WORK TASK -
Look below for the line that has "Fototapeta Innovative mindset"; output exactly from it through the line that has "Zeitstopp Geschenk - Männer", and leave the pictures out.

MATERIAL SUPPLIED -
________
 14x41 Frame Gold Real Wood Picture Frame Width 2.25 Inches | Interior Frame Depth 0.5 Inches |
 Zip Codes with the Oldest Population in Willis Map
________
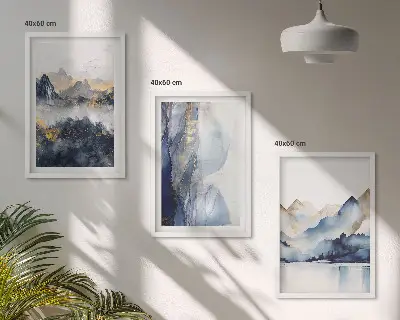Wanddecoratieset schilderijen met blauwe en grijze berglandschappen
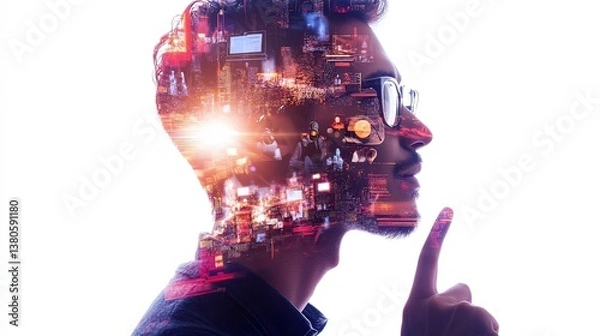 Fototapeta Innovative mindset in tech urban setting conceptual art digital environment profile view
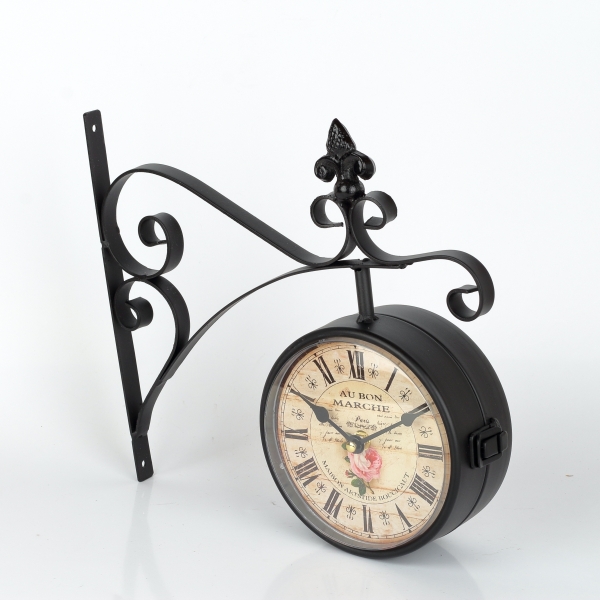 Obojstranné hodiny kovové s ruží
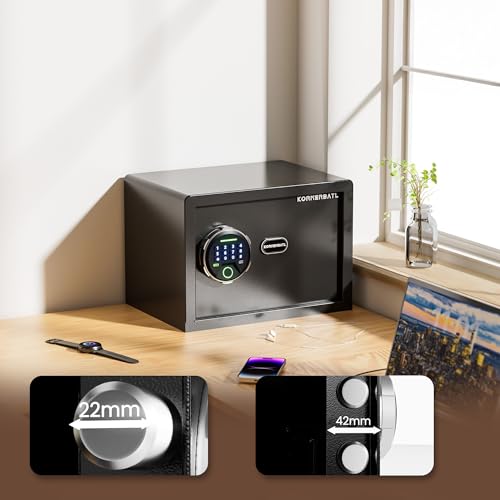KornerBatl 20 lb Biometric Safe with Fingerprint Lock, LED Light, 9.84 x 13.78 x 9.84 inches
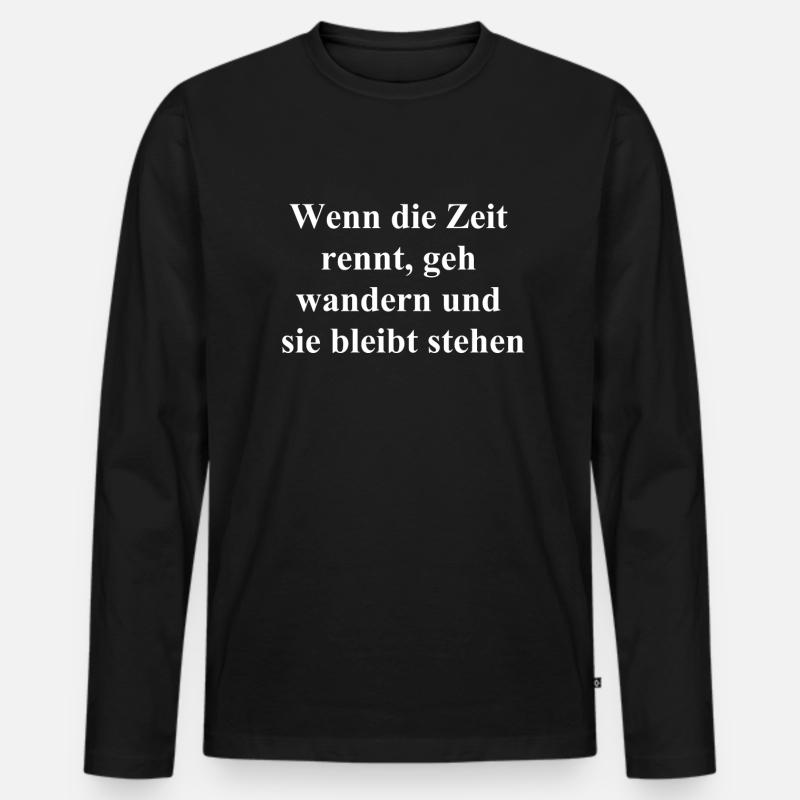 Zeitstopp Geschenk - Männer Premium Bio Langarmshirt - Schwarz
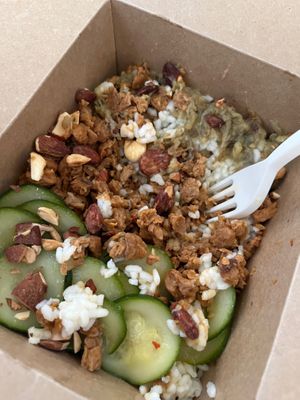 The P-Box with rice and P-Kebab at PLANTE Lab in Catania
________
OUTPUT FOR THIS EXERCISE -
 Fototapeta Innovative mindset in tech urban setting conceptual art digital environment profile view
 Obojstranné hodiny kovové s ruží
KornerBatl 20 lb Biometric Safe with Fingerprint Lock, LED Light, 9.84 x 13.78 x 9.84 inches
 Zeitstopp Geschenk - Männer Premium Bio Langarmshirt - Schwarz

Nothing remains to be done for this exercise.